For the uninitiated, these two guys had a country band for many
years called The Desert Rose Band, in which they scored numerous top
ten hits and two Grammy nominations. But the rose wilted about two
years ago, and Pedersen has gone back to his bluegrass roots playing
banjo in the Laurel Canyon Ramblers. Hillman was a founding member
of The Byrds and the influential country-rock band The Flying
Burrito Brothers. Pedersen also played with Jackson Browne, Emmylou
Harris, and Linda Ronstadt along with the short-lived bluegrass band
from the early 80's called Here Today, with David Grisman and Vince
Gill.
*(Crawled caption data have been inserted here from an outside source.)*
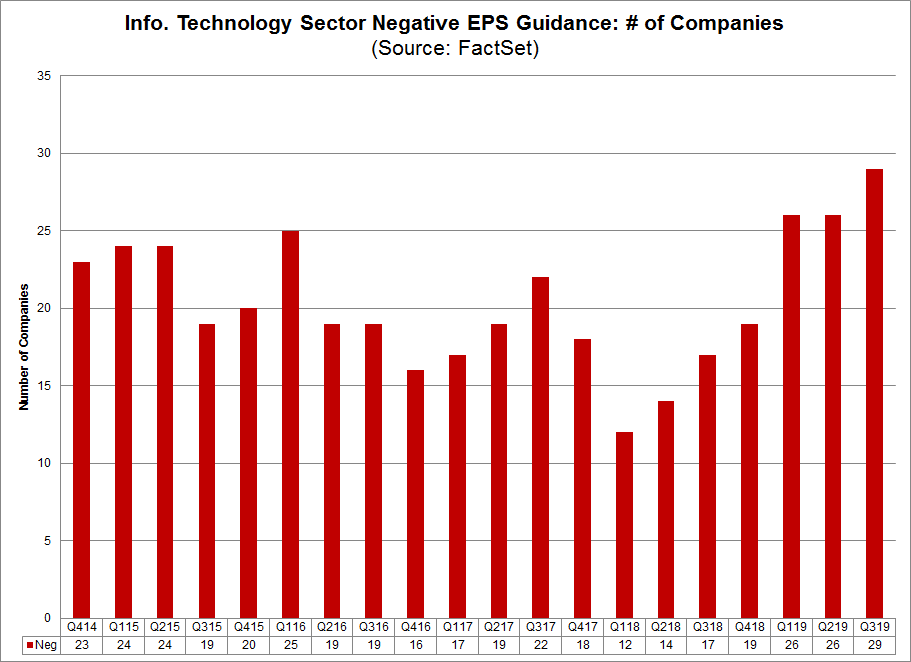 Negative EPS Guidance by Company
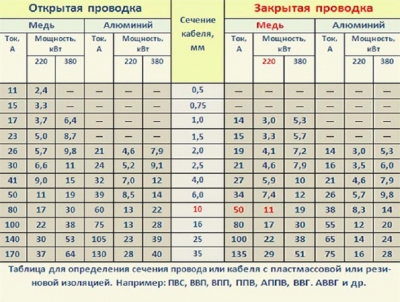 Современная электропроводка в квартире своими руками
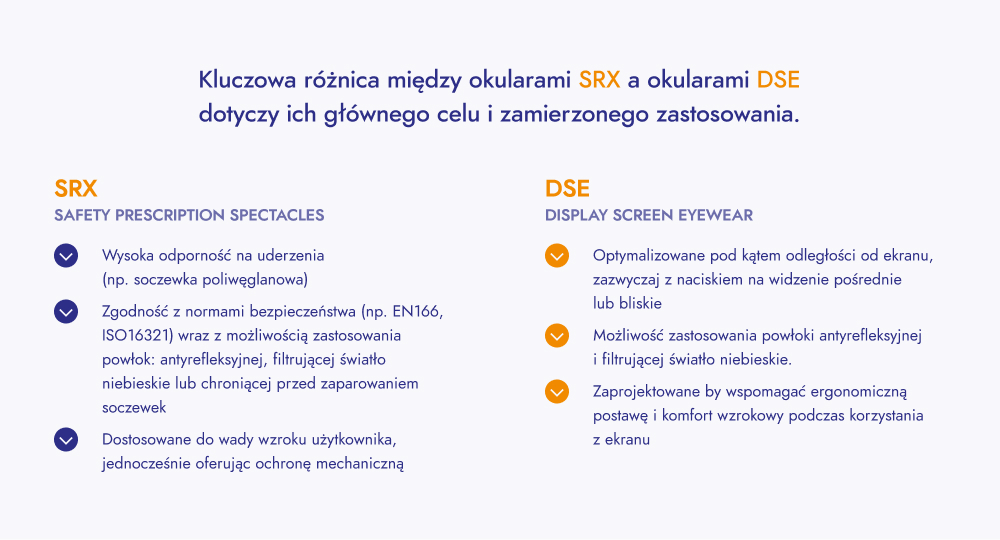 ochrona  wzroku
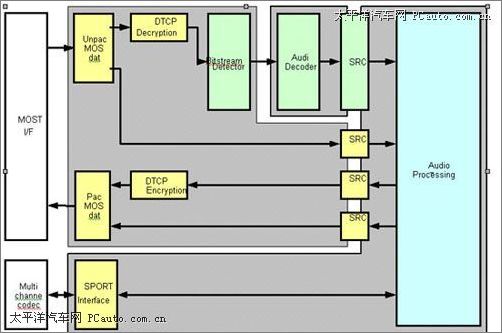 2025中国机载娱乐系统(IFE)行业：从"选装"到"强制"，绿色减重写进航司KPI_人保服务 ,人保服务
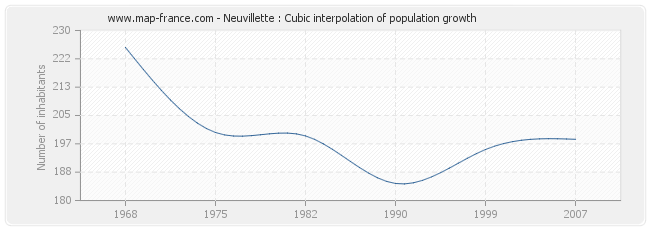 Neuvillette : Cubic interpolation of population growth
On Bakersfield Bound they've gone back and recaptured the
authentic Bakersfield sound of the late 50s and early 60s, a sound
made renowned by Buck Owens and Merle Haggard.
There are 14 tunes on Bakersfield Bound, with everyone
except the title cut, which was written by Hillman, being about
heartbreak, the reason for which country music exists. All but the
final two songs are old time classics, and in the tradition of that
era, only two of the songs are longer than three minutes in length.
Hillman and Pedersen's harmonies are tight as a glove, being very
reminiscent of the Everly Brothers, The Burritos, and Desert Rose.
Hillman does all the lead singing, and Pedersen adds the harmonies,
with tears being jerked at a non-stop pace. If the lyrics and
harmonies don't have you blubbering like a fool by record's end, the
steel guitar playing by Desert Rose alumnus Jay Dee Maness will.
Included on Bakersfield Bound are gems such as He
Doesn't Deserve You Anymore and There Goes My Love,
written by Buck Owens; the Jim and Jesse classic Congratulations
Anyway, about a guy who goes to his lost love's marriage to
someone else; Hillman pays homage to the late Gram Parsons, his
singing partner in the Burritos, in the songs Close Up The Honky
Tonks and Brand New Heartache, songs that Parsons
recorded. You'll be reaching for your hanky when you hear My
Baby's Gone and perhaps its sequel, Time Goes So Slow.
And you'll lose it completely by the time they do one of the saddest
songs of all time about lost love, The Lost Highway.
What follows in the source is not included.